Consider arithmetic. People do simple multiplication all of the time, but when faced with complexity — e.g. multiplying several large numbers together — it’s much easier to follow formal steps to arrive at a correct answer. Not only is the person more likely to arrive at the correct result, they are also able to re-check the individual steps, and others are able to independently verify those steps. How do we know the formal arithmetic processes we use are correct? We devise them using another formal process: mathematics.Using the formal processes are certainly not required to achieve the correct answer. Ancient civilizations accomplished a lot without the benefit of all of the formal processes that we have today. The point is that formal processes will lead you to solutions as good or better than informal processes, and the formal process will be more effective and efficient at reaching that solution. Also note that not all systems are equal when it comes to formalized processes: try multiplying those large numbers together using Roman numerals!

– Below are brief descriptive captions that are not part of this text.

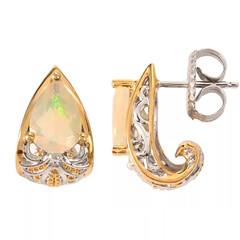 Boucles d'oreilles en argent et Opale Welo (Gems en Vogue)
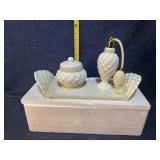 porcelain vanity set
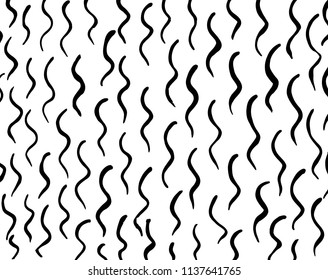 White and black grunge pattern. Background. Brush. Vector.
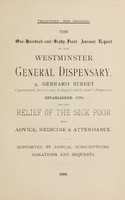 view Annual report of the Westminster General Dispensary : 1934.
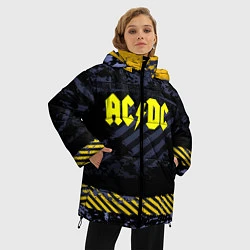 Куртка зимняя женская AC/DC: Danger Style, цвет: 3D-черный — фото 2
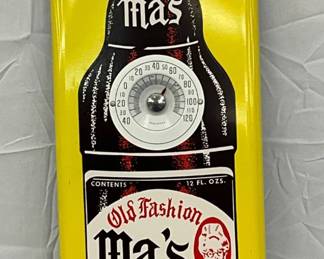 Ma’s Old Fashion Metal Thermometer, 7 1/2 x 27 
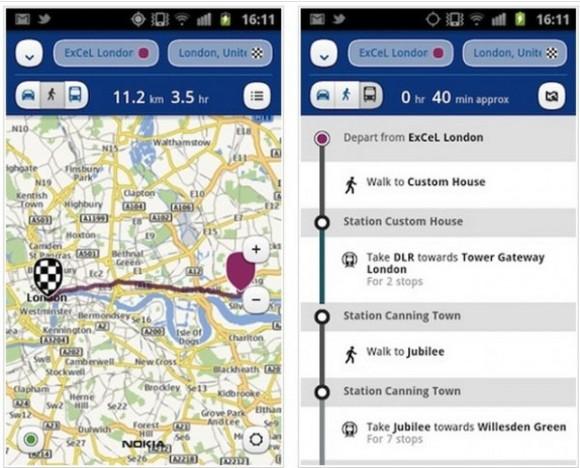 nokia offline maps 580x468 Mode offline pour Nokia Maps sous Android et iOS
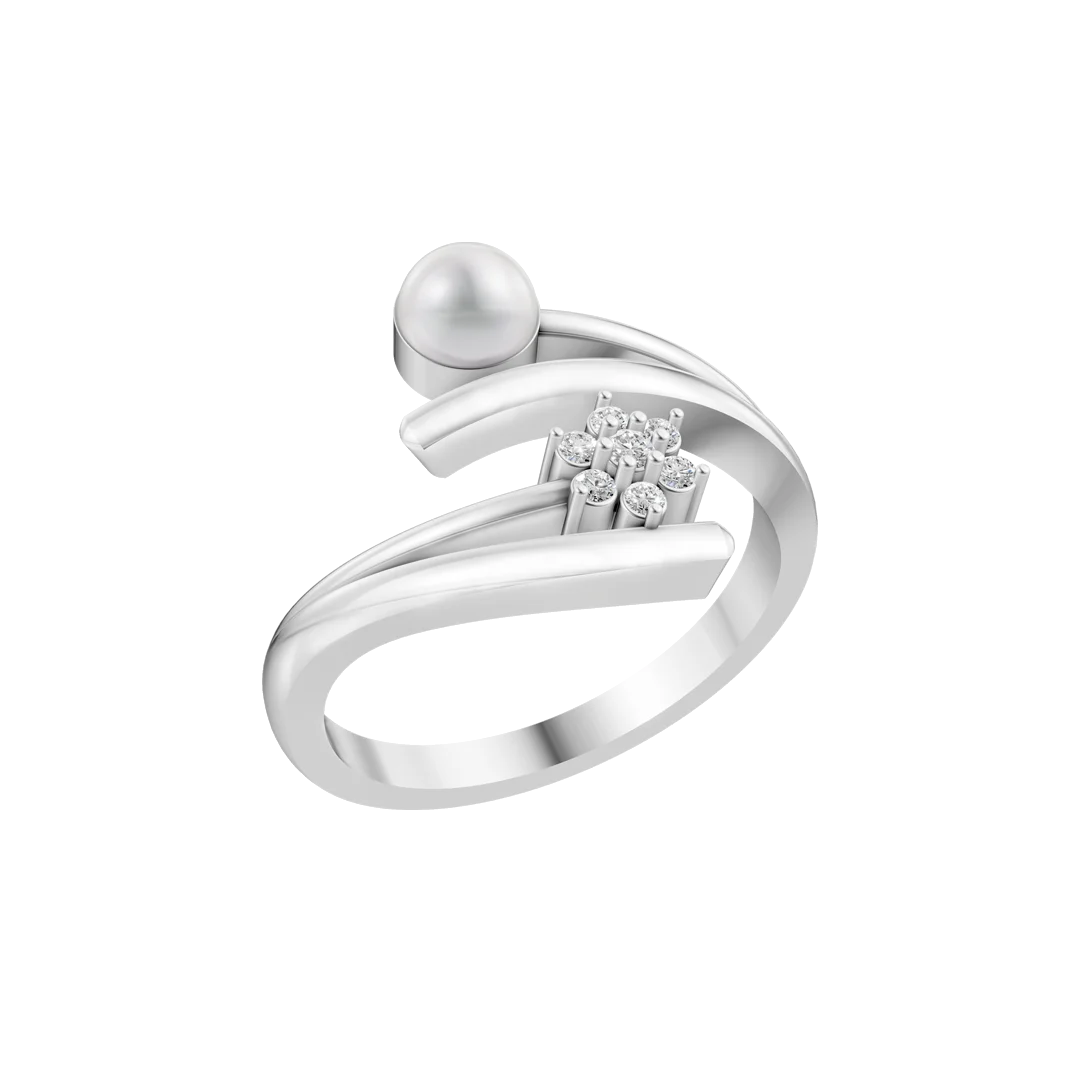 Yana Pearl & 92.5 Silver Finger Ring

So what’s this have to do with databases? Normalization is a formal process, but sometimes it’s discussed as though it were a logical design choice. For simple very simple databases, normalization is not important, because the “best” database design is obvious to developers and DBAs alike. I’m talking about logical design here — in specific products there may be limitations that make it very difficult to implement the best logical design efficiently. The point is that if you see two different database designs, both representing the exact same business rules, one in 2NF and one in 3NF, most people (at least those familiar with data management) would strongly agree that the 3NF design is better. The 3NF design enforces certain constraints and eliminates certain redundancies that may exist in the 2NF design, and the benefits of the 3NF design will be apparent.

What happens is that some people confuse two different concepts: formalizing business rules and normalization. Someone may consider two different designs, and perceive one to be “more normalized” and the other to be “less normalized”, but in reality the two designs are likely representing two different sets of business rules. If they choose the latter design, they may call it “denormalization”, even if both designs are in 5NF. Formalizing business rules does involve many design choices, but normalization is just a good way (correct, unambiguous, and mechanizable — that is, formal) to create a good design from a complex set of business rules, after the business rules have already been formalized. So, the design choices are in formalizing the business rules, and normalization is just a tool that creates a good database design based on those business rules.

Formalization is really what separates relational DBMSs from every other type of DBMS. Relations have predicates and tuples in the relation can instantiate those predicates to create propositions, and these predicates and propositions can be manipulated using formal logic. The relational operators operate on relations and produce new relations, and these relational operators have an associated logical meaning, making a formal connection between databases and logic. For instance, JOIN corresponds to logical AND.

If you want to answer a complex question of your DBMS, how would you do so with confidence without a formal system? First of all if your database constraints do not closely match the predicates of your relations, you have a lot of work to do. You’d need to examine application code, and the data already in the system, to determine the actual meaning of the data. Next, if you have only a handful of relations, and simple predicates, you may be able to make some simple inferences correctly, and be able to convince yourself that the result of your manipulations does indeed provide a correct answer to the question. If you have more relations or more complex predicates, it’s almost impossible to be sure that the inferences you’re making are correct, or to convince anyone else of their correctness. So what people do in practice is to ask simpler questions of their data, and rely less on the answers they get.

With a formal model, such as the relational model, you can ask very complex questions about very complex data and trust the results a great deal, because you can formalize the business rules to form predicates, and infer new information from the data in a way that can be independently verified and automated.